Synopses & Reviews
On the basis of fuzzy sets and some of their relevant generalizations, this book systematically presents the fundamental principles and applications of group decision making under different scenarios of preference relations. By using intuitionistic knowledge as the field of discourse, this work investigates by utilizing innovative research means the fundamental principles and methods of group decision making with various different intuitionistic preferences: Mathematical reasoning is employed to study the consistency of group decision making; Methods of fusing information are applied to look at the aggregation of multiple preferences; Techniques of soft computing and optimization are utilized to search for satisfactory decision alternatives. Each chapter follows the following structurally clear format of presentation: literature review, development of basic theory, verification and reasoning of principles , construction of models and computational schemes, and numerical examples, which cover such areas as technology, enterprise competitiveness, selection of airlines, experts decision making in weather-sensitive enterprises, etc. In terms of theoretical principles, this book can be used as a reference for researchers in the areas of management science, information science, systems engineering, operations research, and other relevant fields. It can also be employed as textbook for upper level undergraduate students and graduate students. In terms of applications, this book will be a good companion for all those decision makers in government, business, and technology areas.

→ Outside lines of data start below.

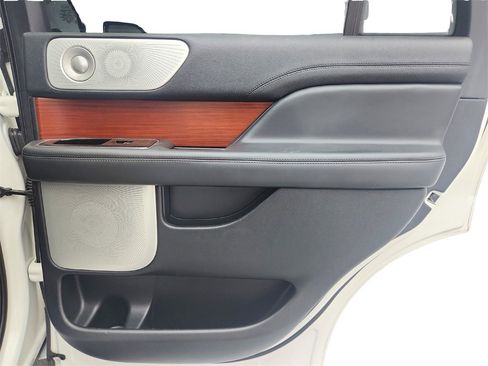 Used 2021 Lincoln Navigator Reserve image 30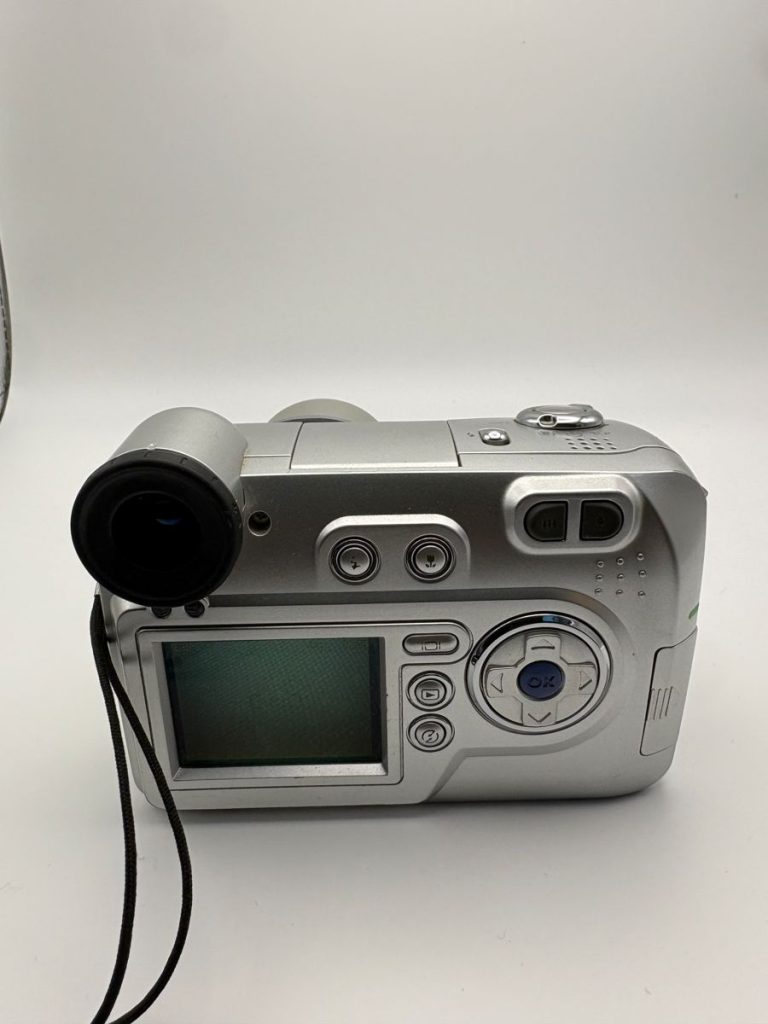 HP Photosmart 850 Digitalkamera 4MP Pentax 8x Zoom Bridge silber 2002 Y2K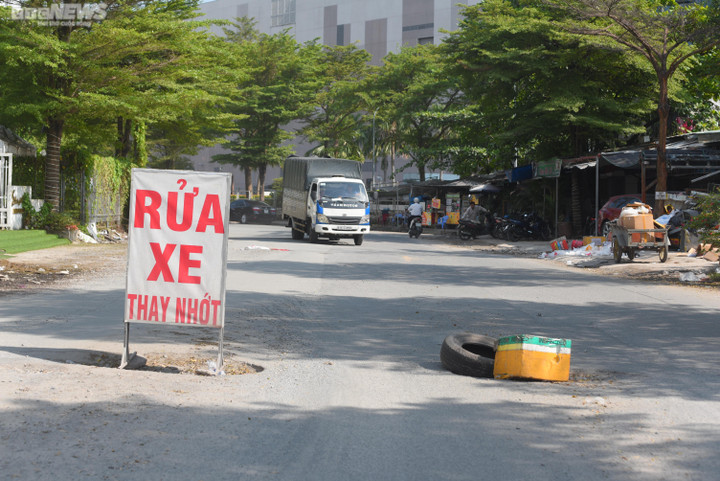Thấp thỏm đi qua đường đầy ổ voi, ổ gà ở TP.HCM - 2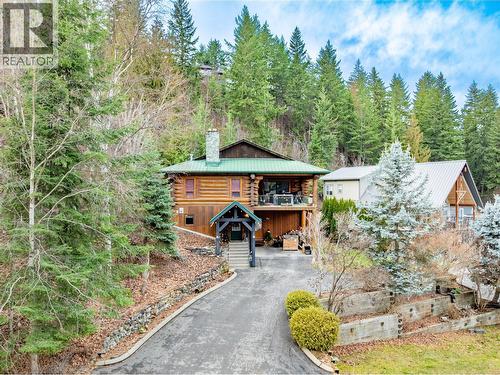 2822 Juniper Crescent, Blind Bay, BC - Outdoor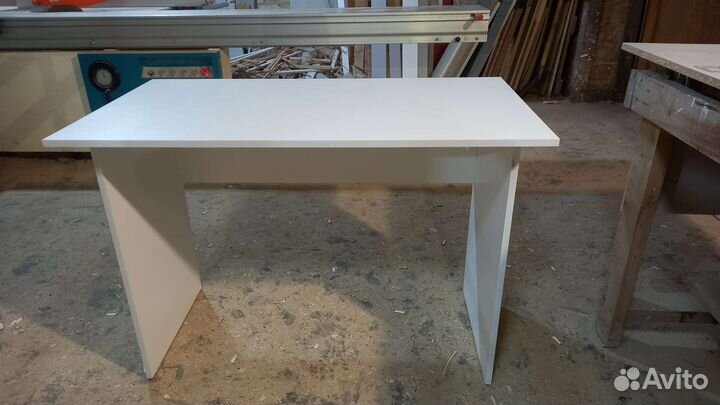 Стол письменный. Новый. От производителя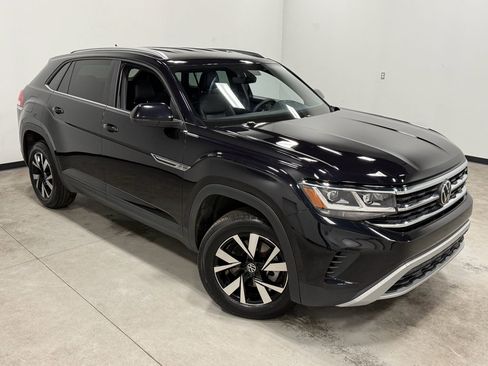 Used 2023 Volkswagen Atlas Cross Sport SE image 31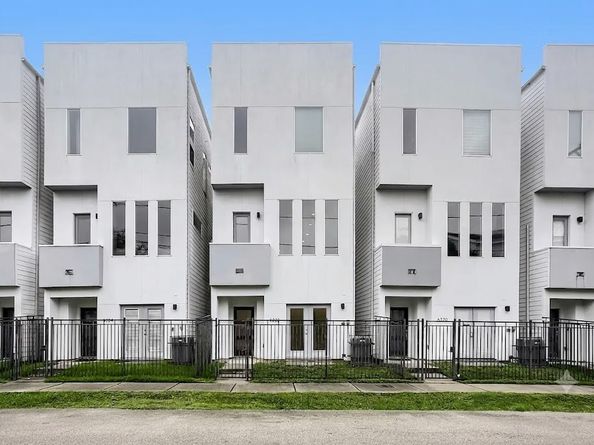6322 Culberson Street, Houston TX 77021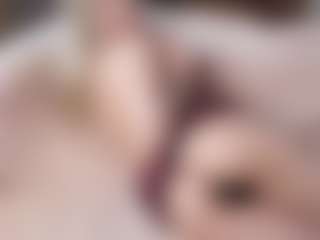 Dori's Live Sex Cam Show
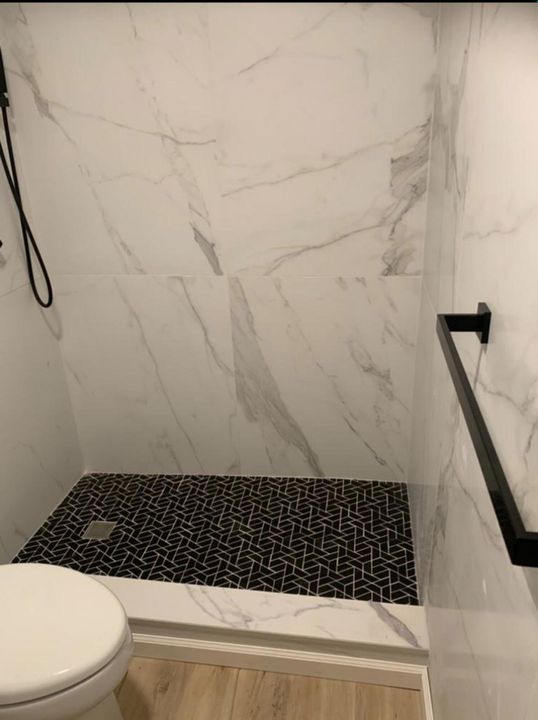 For Rent: $2,400 (2 beds, 2 baths, 1031 Square Feet)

This book explores group decision-making in various scenarios of preference relations, studying the consistency of group decision making using mathematical reasoning, probing decision alternatives using soft computing and optimization and more.
Table of Contents
Relevant Theories of Reciprocal Preference and Fuzzy Preference Relations.- Complementary Preference Relations of Interval Fuzzy Numbers.- Complementary Preference Relations of Triangular Fuzzy Numbers.- Two-Tuple Linguistic Preference Relations.- Preference Relations of Trapezoidal Fuzzy Numbers.- Group Decision Making for Different Fuzzy Preference Relations.- Intuitionistic Fuzzy Preference Relations.- Conclusion.